Structural cross-impact analysis is one of the most widely used foresight methods. After adopting a systems-based approach and demonstrating its analytical capacity, it experienced significant development in the late 1960s and was further advanced through Jay Forrester’s work on industrial dynamics and urban dynamics (1961). Cross-impact/structural analysis is a method for assessing the likelihood of events occurring within a forecasted system. These probabilities can be adjusted based on judgments regarding the potential for mutual influence among the events under consideration. In essence, certain events can increase or decrease the likelihood of other events occurring. Many events also trigger cascading developments, whereby one event leads to another, which in turn generates further events, progressively expanding the scope of impacts and influencing subsequent processes. This interdependence among events constitutes the core of cross-impact analysis [Naimi & Pourmohamadi, 2016]. The structural cross-impact analysis method seeks to identify key (explicit or latent) parameters in order to elicit expert opinions and encourage the participation of stakeholders in understanding the complex and often unpredictable behaviors of the system.
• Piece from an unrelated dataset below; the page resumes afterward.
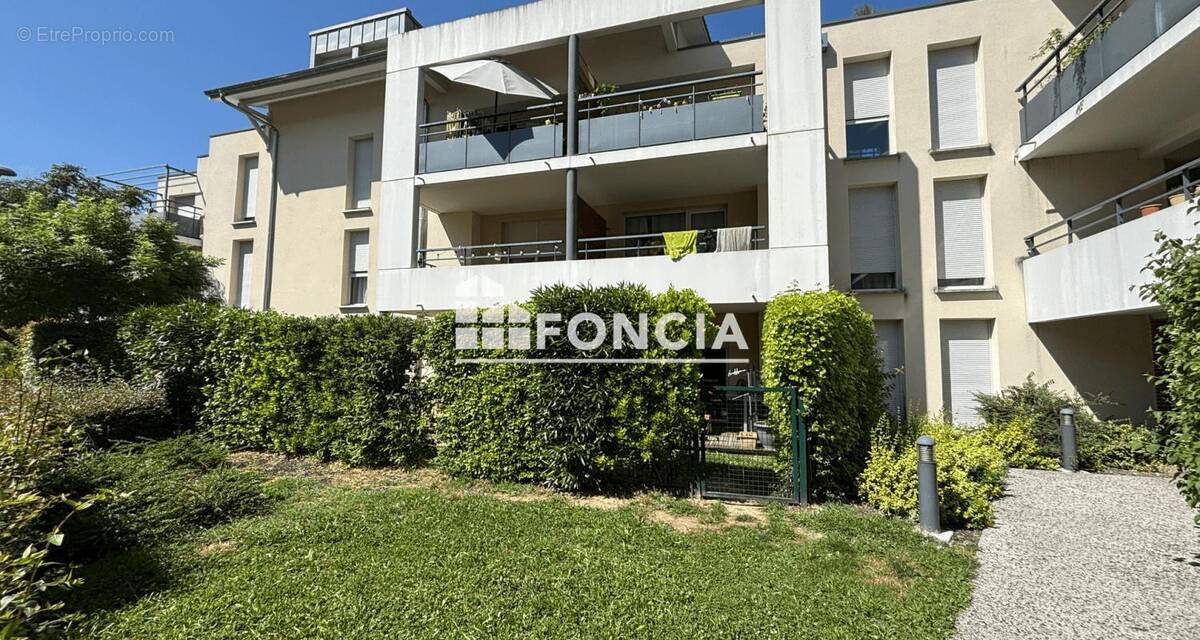 Appartement à CASTANET-TOLOSAN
In general, structural analysis is conducted in three main stages [Alibeigi et al., 2017]:
The analyses conducted in this study can be broadly divided into two main phases. In the first phase, indicators influencing urban low-carbonization were identified based on a review of previous studies, the characteristics of the study area, and interviews with an expert panel. The indicators included transport infrastructure, travel time and mobility, fuel cost, road network, urban green spaces, compact development, accessibility, land-use mix, travel cost, transport management, electronic transport, macro-level managerial policies, public social awareness, clean fuels, new energy sources, public transport, non-motorized transport, intelligent transport systems, fossil fuels, relocation of factories, and travel time. The expert panel comprised 30 specialists in sustainable urban development studies from the cities of Jolfa and Jananlu, selected through purposive sampling and interviewed accordingly. Specifically, 15 experts were selected and interviewed in each city. The emphasized indicators were extracted through interview transcript coding and subsequently presented to the same expert panel for prioritization. With the consent of the interviewees, the interviews were recorded, transcribed, and prepared for analysis. During transcript review, key factors were identified, and data coding was performed to harmonize overlapping factors. The codes were then manually categorized, without the use of specialized software, and repeatedly reviewed and refined until the principal parameters influencing low-carbonization in Jolfa and Jananlu were determined.
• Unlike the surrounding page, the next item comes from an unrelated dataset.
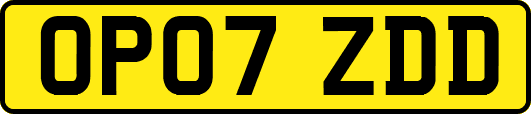 OP07ZDD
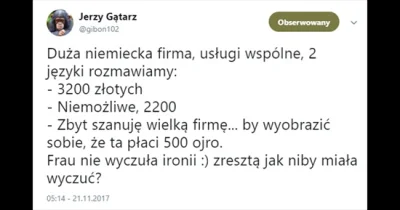 Zdejm_Kapelusz - Duża niemiecka firma, wymagane 2 języki obce, oferuje w Trójmieście ...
Subsequently, the extracted data were entered into Microsoft Excel, averaged, and then imported into the MICMAC software for analysis. The mean values of expert judgments regarding the parameters influencing low-carbonization were entered into MICMAC in the form of a 21×21 matrix. Based on the MICMAC outputs, the filling index (which reflects the reliability of the questionnaire or data) reached 0.92 after two data rotations, indicating high reliability of the collected data and strong interrelationships among the parameters. Overall, within the 21×21 matrix, a total of 410 evaluated relationships were obtained. Of these, 31 values were zeros (indicating no influence), 41 were ones (weak influence), 78 were twos (moderate influence), and 291 were threes (strong influence), which represented the most frequently occurring category. Additionally, potential parameters without assigned scores (p) were identified. In the final stage, the influential and dependent parameters related to low-carbonization in the study area were identified and analyzed according to their respective priorities.
Findings
Based on their degrees of influence and dependence, the studied parameters were classified into several distinct categories. These categories include input (key) parameters, intermediate parameters, outcome parameters, negligible parameters, and clustered or indeterminate parameters.
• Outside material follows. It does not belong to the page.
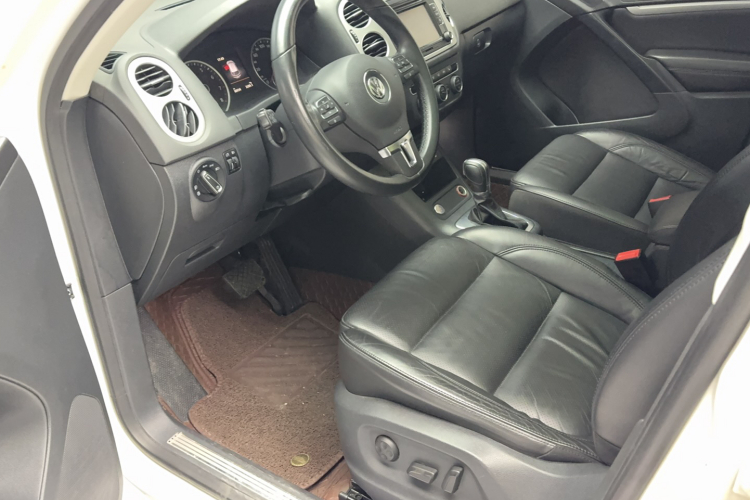 大众 途观 2015款 1.8TSI 自动两驱豪华型局部细节19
The input or key parameters represent the strategic drivers influencing low-carbonization in the cities of Jolfa and Jananlu within the Aras Free Zone. These parameters include electronic transport, intelligent transport systems, and the adoption of low-carbon and renewable energy sources used globally as alternatives to the energy sources currently utilized in the country.
The intermediate parameters are characterized by both high influence and high dependence, making them particularly important for long-term planning in the region. These parameters include fuel cost, transport infrastructure, macro-level managerial decisions, land-use mix, urban compaction, transport management, substitution of fuels such as Euro 2 gasoline instead of Euro 4, fossil fuels, the use of renewable energy with adequate accessibility, public transport culture, non-motorized transport, and the reduction of travel time.
Outcome parameters are those with relatively low influence but high dependence. According to expert assessments, no parameter in this study can be considered purely influential without also being affected by other parameters, as all identified parameters exhibit both influence and dependence.
Negligible parameters are those with low levels of both influence and dependence. These parameters represent relatively stable trends with limited change and are often regarded as independent parameters. Social awareness and urban green spaces fall into this category.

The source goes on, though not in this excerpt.